Meanwhile, tensions in the region have been growing since last year with missile strikes in Saudi Arabia claimed by the Houthis and a U.S. drone strike in January killing Islamic Revolutionary Guard Corps (IRGC) chief Gen. Qassim Soleimani. During the last four weeks, there have been more than half-a-dozen mysterious explosions including at the ballistic missile liquid fuel production facility at Khojir, the advanced centrifuge assembly shed in Natanz and the shipyard at Bushehr. Reports attribute these to U.S. and Israeli agencies in an attempt to provoke Iran before the U.S. elections.

Also read | China making deep inroads into Iran

In May, the U.S. announced that it wanted the UN Security Council (UNSC) to continue the ban on Iranian acquisition of conventional weapons. UNSC Resolution 2231 was adopted in July 2015 by consensus to endorse the JCPOA and contains a five-year restriction on Iran’s importing conventional weapons that ends on October 18. Even though the U.S. unilaterally quit the JCPOA, it is threatening to invoke the automatic snapback of sanctions provisions of JCPOA. The United Kingdom and France have criticised the U.S.’s duplicity but are unlikely to exercise a veto. At the same time, Iran hopes that November may bring about a change in the White House that opens options for dialogue.

Just as it has been a tricky exercise for India to navigate between the U.S. and Iran to keep the Chabahar project going, the Rouhani administration has found it a difficult balancing act to manage the hardliners at home while coping with Trump administration’s policy of ‘maximum pressure’.

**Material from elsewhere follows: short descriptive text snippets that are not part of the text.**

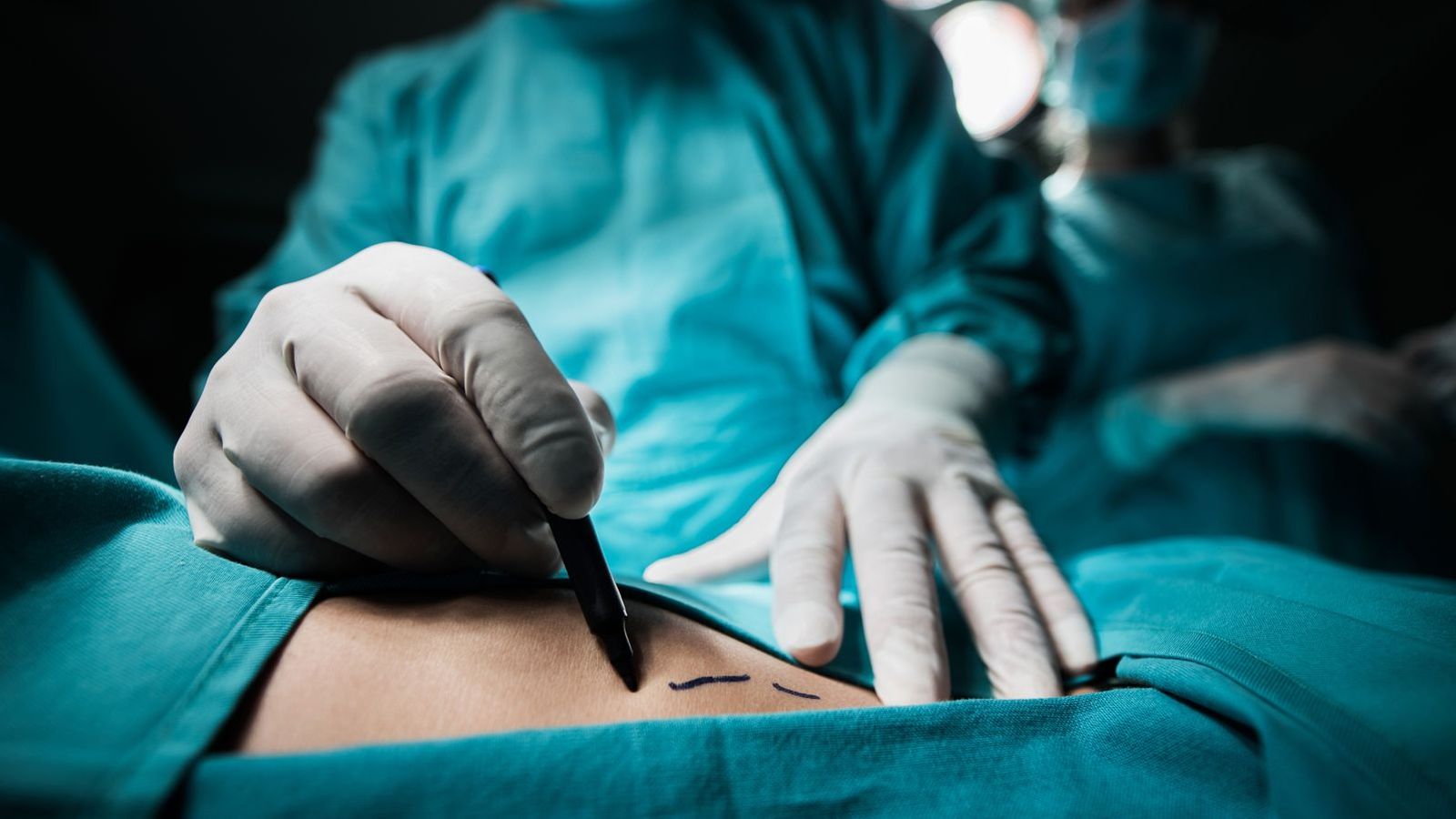 Tough new rules on Brazilian butt lifts and chemical peels proposed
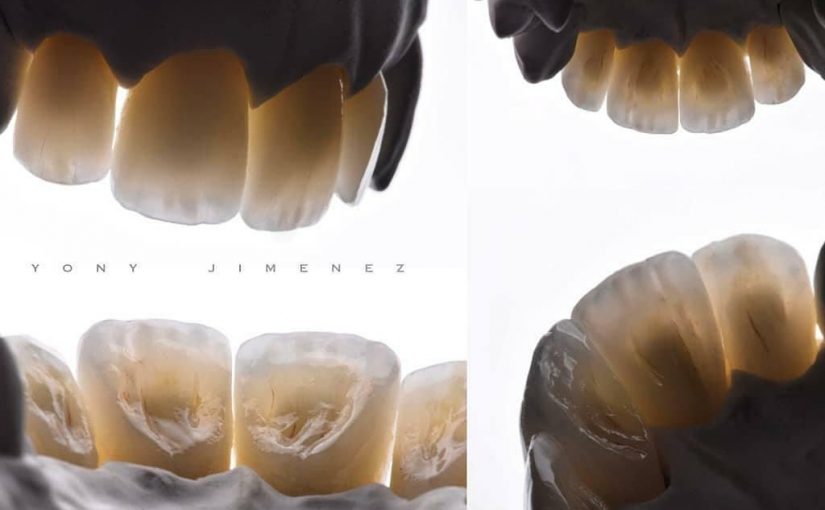 Как стоматолог-ортопед решает какая коронка подойдет в вашем случае?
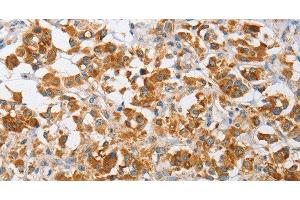 anti-Cdc42 Guanine Nucleotide Exchange Factor (GEF) 9 (Arhgef9) antibody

Also read | New revelations on Huawei’s Iran link

Russia and China are the only countries to veto the U.S.’s moves in the UNSC. Even so, the Iran- China comprehensive, strategic partnership road map has run into opposition in the Majlis. After the recent elections, the Reformists are down from 120 seats to 20 while the Principlists (Conservatives) are up from 86 to 221 seats in a house of 290 members. A former IRGC Air Force commander, Mohammed Bagher Ghalibaf, former Mayor of Tehran who ran unsuccessfully for president against Mr. Rouhani in 2013 and 2017 has been elected the new Speaker. Hard liners have accused Foreign Minister Mohammad Javad Zarif of undue secrecy surrounding the agreement amid rumours that China may be taking over Kish island and that Chinese troops would be stationed in Iran to secure Chinese companies and investments.

Iran may well be considering a long-term partnership with China, but Iranian negotiators are wary of growing Chinese mercantilist tendencies. It is true that China has greater capacity to resist U.S. sanctions compared to India but Iran realises the advantage of working with its only partner that enjoys a sanctions waiver from U.S. for Chabahar since it provides connectivity for land-locked Afghanistan. Iran and India also share an antipathy to a Taliban takeover in Afghanistan. This is why Iran would like to keep the door open. Nevertheless, India needs to improve its implementation record of infrastructure projects that it has taken up in its neighbourhood. There are numerous tales of Indian cooperation projects in Nepal, Bangladesh, Sri Lanka, Myanmar, etc suffering delays and cost overruns that only make it easier for China to expand its footprint in India’s neighbourhood. The key is to continue to remain politically engaged with Iran so that there is a better appreciation of each other’s sensitivities and compulsions.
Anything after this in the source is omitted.